Baby seater
Paul Venaille est un puriste. Esthétiques sobres, couleurs pop, les objets de l’artisan-designer séduisent en trompe-l’œil. A surveiller de très près.
La voix, douce, cherche parfois les mots. Hésite, bute légèrement. Paul Venaille réfléchit avant de répondre aux questions, le jeune designer n’a pas la grosse tête. Poussé dans la ville de Lyon, il s’épanouit aujourd’hui à Paris. Et l’horizon du lauréat « Jeunes Créateurs des Ateliers d’Art » 2014 s’élargit ici, dans son nouvel atelier de Pantin. Un atelier pour de vrai, qui sent le travail de la main et la matière concrète.
LAVOPRATIC
En 2012, Paul Venaille secoue gentiment l’univers du design. Son projet de fin d’étude révèle un créateur inventif et curieux. L’objet semble fragile. Juchée sur un fin zigzag métallique, la plaque de sycomore est comme en équilibre. Aérienne, géométrique. Et sobre. Pourtant, l’esthétique calme et pratique de « subduction » abrite un chaos. Le plateau coulissant découvre 12 rangements couleurs feu, magma, brasier. Les mouvements de la terre selon Paul Venaille : “Le thème de fin d’étude était la fragmentation. J’ai réfléchi au mouvement des plaques tectoniques, la subduction. Le plateau du bureau reproduit exactement ce mouvement. C’est un clin d’œil à l’instabilité. Les rangements symbolisent l’éruption volcanique. J’aime ces principes de métamorphoses”. Et « subduction » résume le travail d’un designer que les jeux de construction passionnent.
LE MANUEL DE L’ARCHITECTE
La passion ne date pas d’hier. Petit, Paul construit déjà à tout va. Lego, mécano, Kapla, tout y passe. Il dessine aussi. Construction, dessin, l’orientation semble évidente. Un BAC S plus tard, le Lyonnais entre en école d’architecture. Mais la discipline le déçoit : “ça n’était pas assez concret, pas si créatif. Il fallait répondre à des demandes très précises de logements, de bâtiments publics, alors que je voulais créer des choses et les voir naître ! C’est plus rapide de voir un meuble fini qu’un bâtiment fini !”. Faire, construire, toucher, le jeune Lyonnais sait désormais ce qu’il veut. Et délaisse l’architecture pour un CAP menuiserie. Parce que le bois est chaleureux, sensuel. Parce qu’il sent bon. Il enchaîne un CAP d’ébénisterie auprès des Compagnons, obtient son diplôme des Métiers d’Art en 2012. Un parcours en tectonique des plaques, une histoire de glissement. Déjà.

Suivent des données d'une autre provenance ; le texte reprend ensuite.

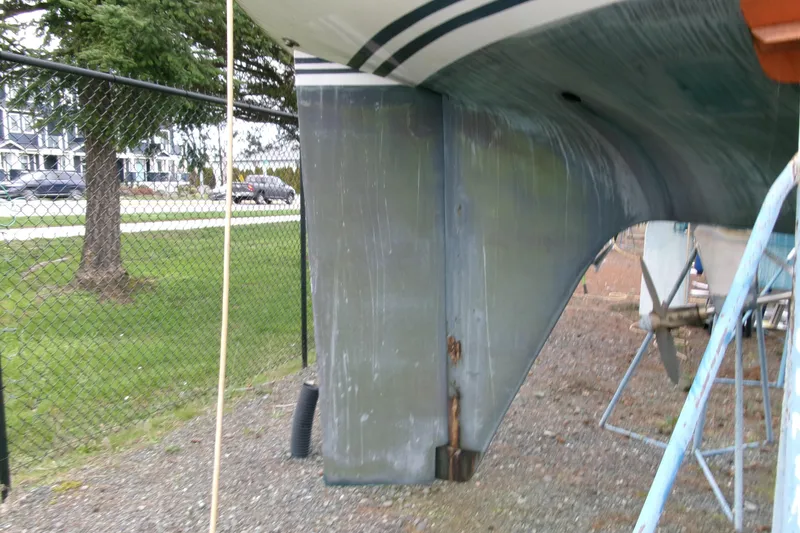 Slide: The Image of 1980 Ketch 51 sailboat hull and rudder on dry dock, near a fence. - 8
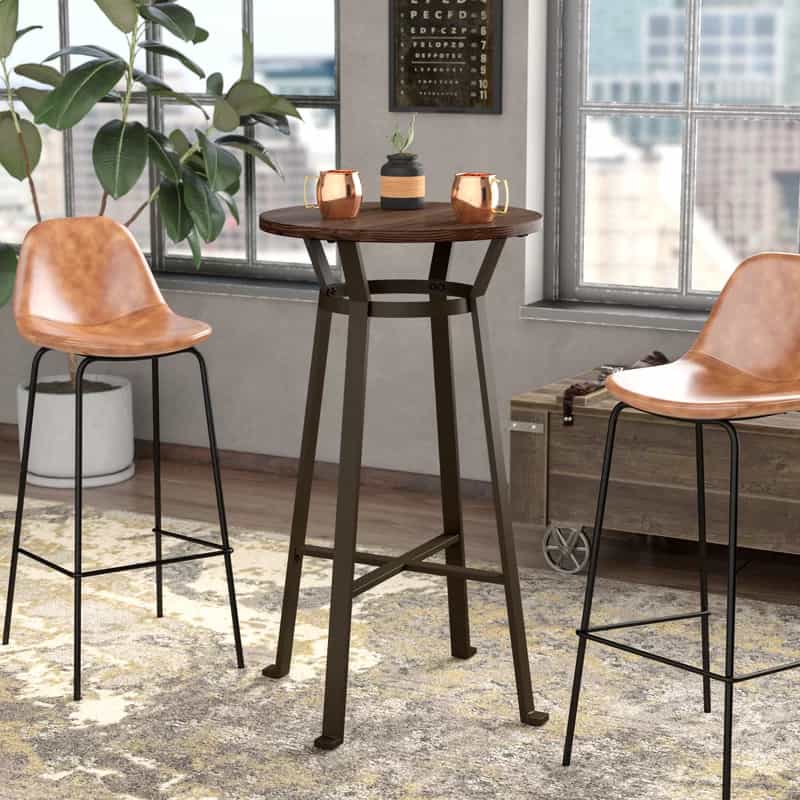 Add A Rustic Touch With An Iron And Wood Table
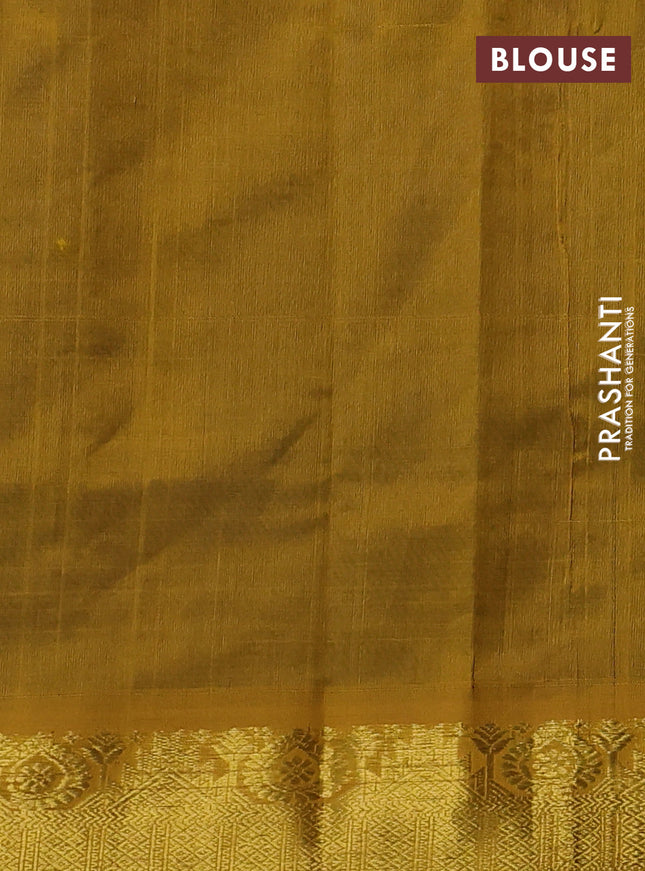 Silk cotton saree peacock green and dark mustard with allover zari woven buttas and zari woven border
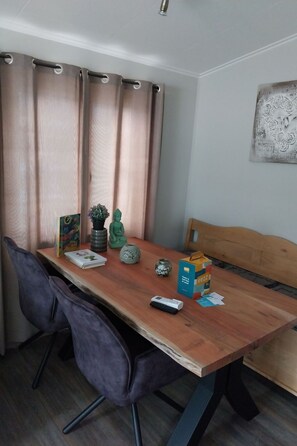 Een eethoek met een houten tafel, twee stoelen, een bankje, een kleine potplant, een decoratieve vaas, een boek, een afstandsbediening en een vruchtensapje.
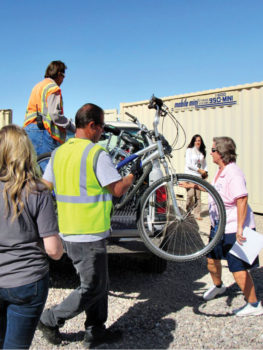 Bicycles being unloaded for donation; photo by Diane Quinn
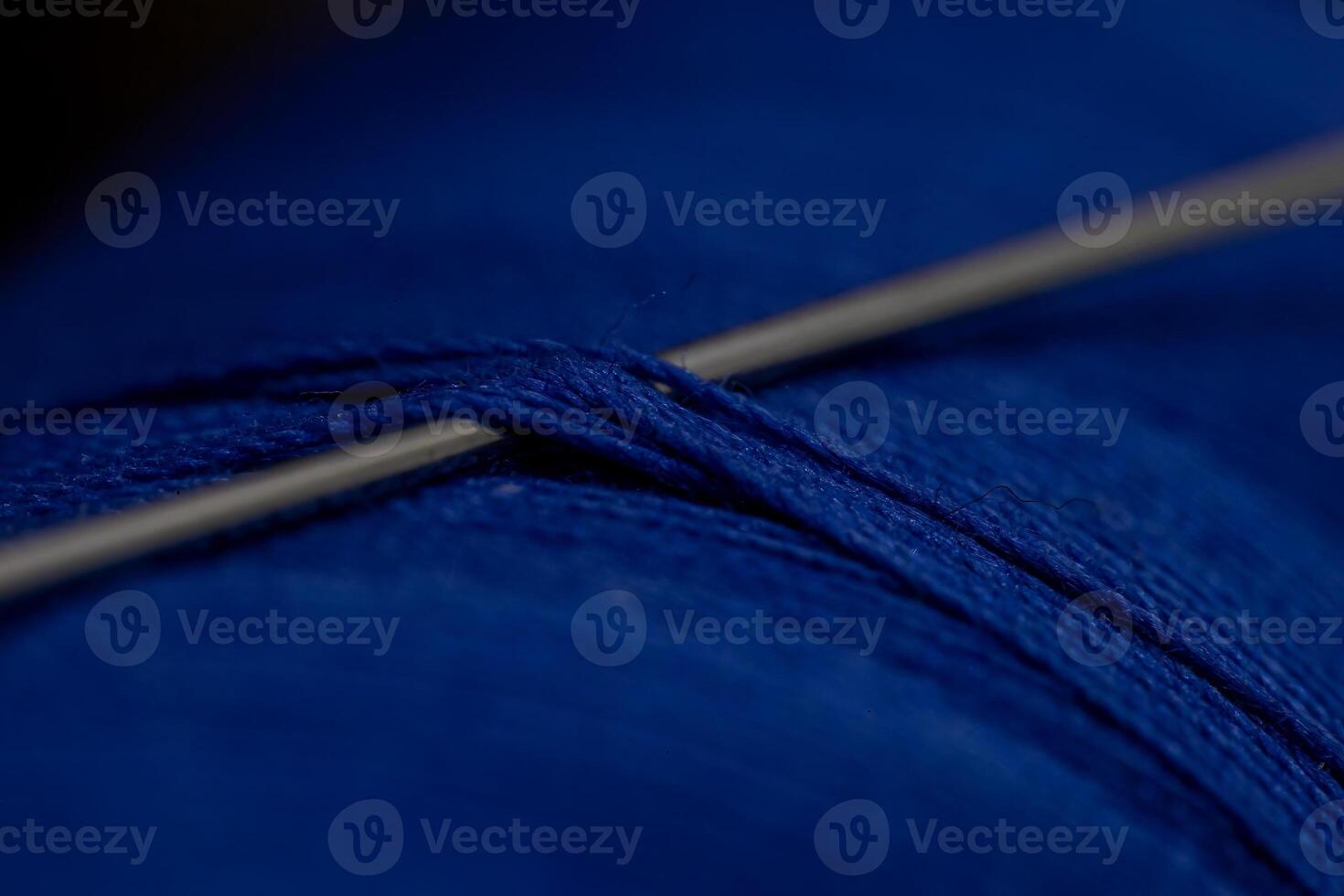 Detailed close-up shot of a needle in a blue thre photo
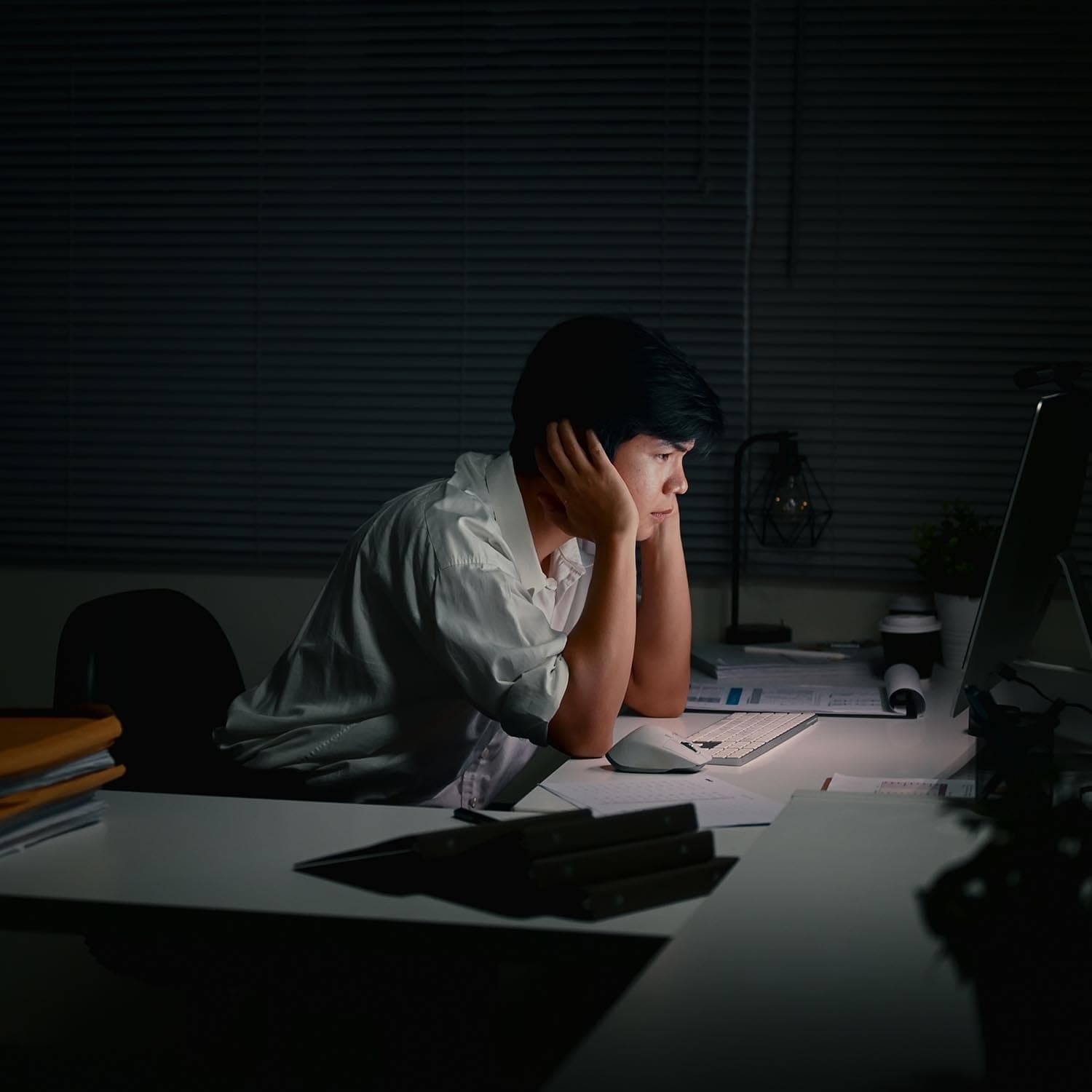 Person working alone at night on a laptop in a dimly lit room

Mon objet incontournable ? Une chaise. Je pense que c’est l’objet le plus proche de l’homme. Et puis, allez savoir pourquoi, tous les designers font des chaises !
AMUSEUR AMUSÉ
Aujourd’hui, Paul Venaille s’amuse. Si ses créations épurées, si sobres en apparence, concrétisent un esprit raisonné, elles révèlent aussi son côté joueur. Il admire Jasper Morrison, rien d’étonnant. Les objets fonctionnels déroulent des courbes harmonieuses et sans excès. Mais le designer apprécie aussi l’exubérance d’un Ron Arad, ou les facéties en trompe-l’œil du plasticien lyonnais George Rousse. Un maître de l’anamorphose auquel il rend hommage en inventant Baby Pop. Une chaise, un jeu d’assise et de carré rouge de confusion. Baby Pop déroute, Paul Venaille se régale : “Fabriquer des objets ludiques, c’est important. Comme il est important de s’amuser en créant. Un objet amusant est un objet différent.”
LE SUCCÈS EST LOIN D’ÊTRE ACQUIS
La consécration ? Pas encore tout-à-fait. Mais les Ateliers d’Art de France reconnaissent la singularité de Paul Venaille en juin 2014. Il n’avait pas prévu ça : “J’ai postulé au concours sans aucune conviction, c’était une énorme surprise ! J’étais en voiture quand j’ai reçu le coup de téléphone, je ne m’y attendais pas. Tout est parti de là…”. Dans la foulée, Tommy Hilfiger lui demande 11 chaises Baby Blue pour meubler ses boutiques. Une commande prestigieuse qu’il tempère : “Le succès est loin d’être acquis. On parle de moi, c’est flatteur, mais je n’y accorde pas vraiment d’importance. Ça me touche, évidemment. Mais il me reste beaucoup de choses à faire”. Du sur-mesure, entre autres, comme cette bibliothèque créée pour la galerie parisienne Galerie and Co 119. A l’ombre de l’atelier de Pantin, Paul Venaille réfléchit à d’autres croquis. Des croquis qui, pour l’instant, ne parlent qu’à lui. D’une voix douce, évidemment.